YOUR OBJECTIVE: Omit the pictures, then reproduce every remaining record exactly.

*** RECORDS TO USE Section Begins ***

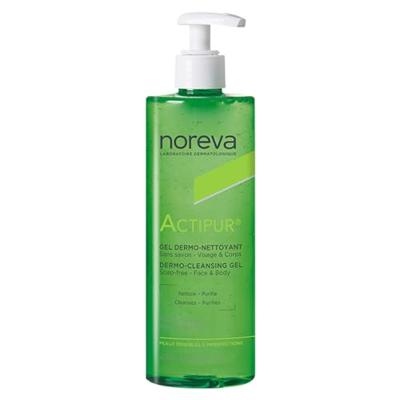 Noreva Actipur Cleansing Gel Face & Body 400ml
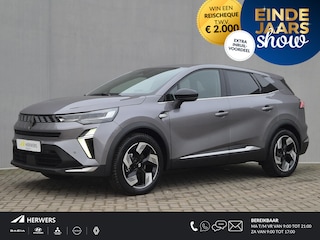 Renault Symbioz E-Tech Full Hybrid 145 Techno Automaat / Fabrieksgarantie tot 04-2027 / Dealer onderhouden / Winter pack / Allseason banden / Achteruitrijcamera / Adaptief CC / Apple Carplay Android Auto / Keyless Entry/Start /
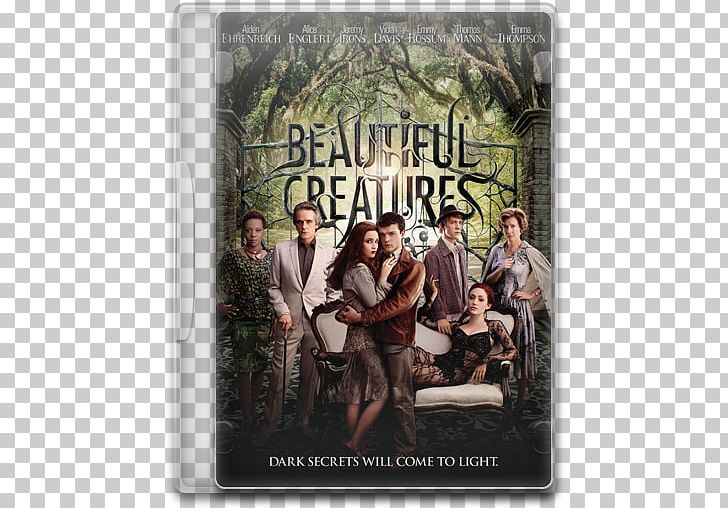 Poster PNG, Clipart, 4k Resolution, Beautiful Creatures, Beautiful Creatures Series, Beautiful Darkness, Digital Copy Free PNG Download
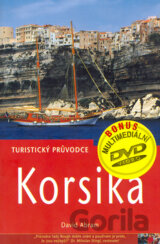 Korsika - turistický průvodce + DVD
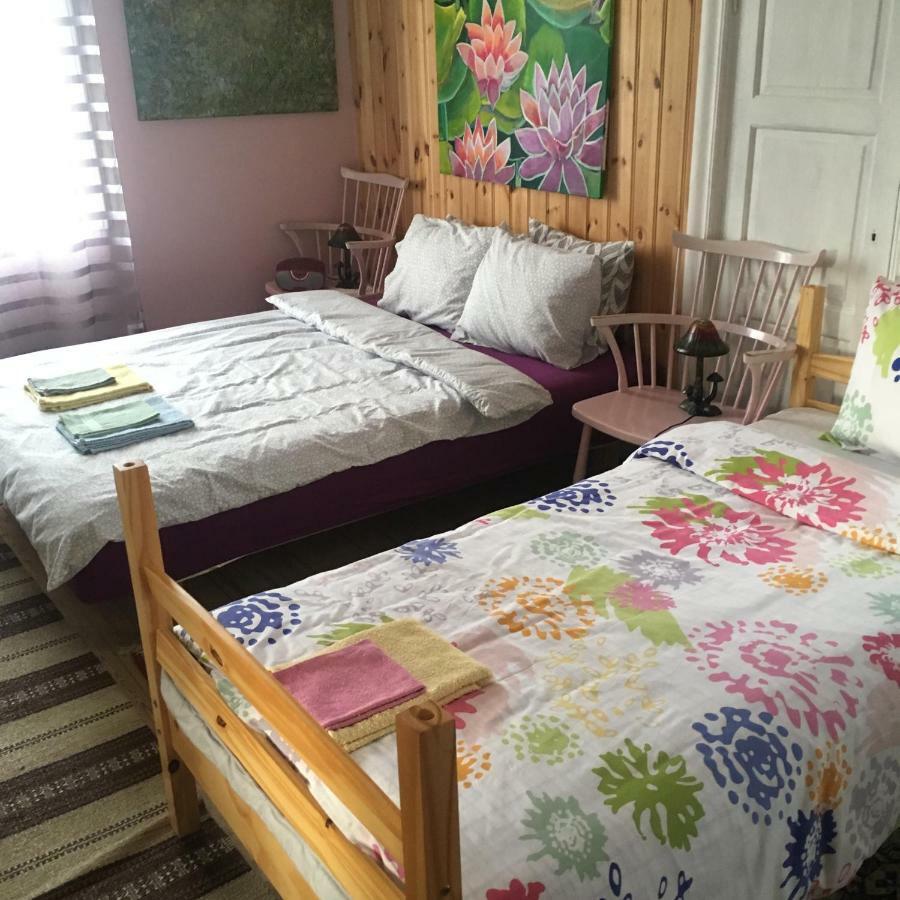Parkgatan Villa Krylbo Ngoại thất bức ảnh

*** RECORDS TO USE Section Ends ***

SOLUTION TO THIS EXERCISE:
 Noreva Actipur Cleansing Gel Face & Body 400ml
 Renault Symbioz E-Tech Full Hybrid 145 Techno Automaat / Fabrieksgarantie tot 04-2027 / Dealer onderhouden / Winter pack / Allseason banden / Achteruitrijcamera / Adaptief CC / Apple Carplay Android Auto / Keyless Entry/Start /
 Poster PNG, Clipart, 4k Resolution, Beautiful Creatures, Beautiful Creatures Series, Beautiful Darkness, Digital Copy Free PNG Download
 Korsika - turistický průvodce + DVD
Parkgatan Villa Krylbo Ngoại thất bức ảnh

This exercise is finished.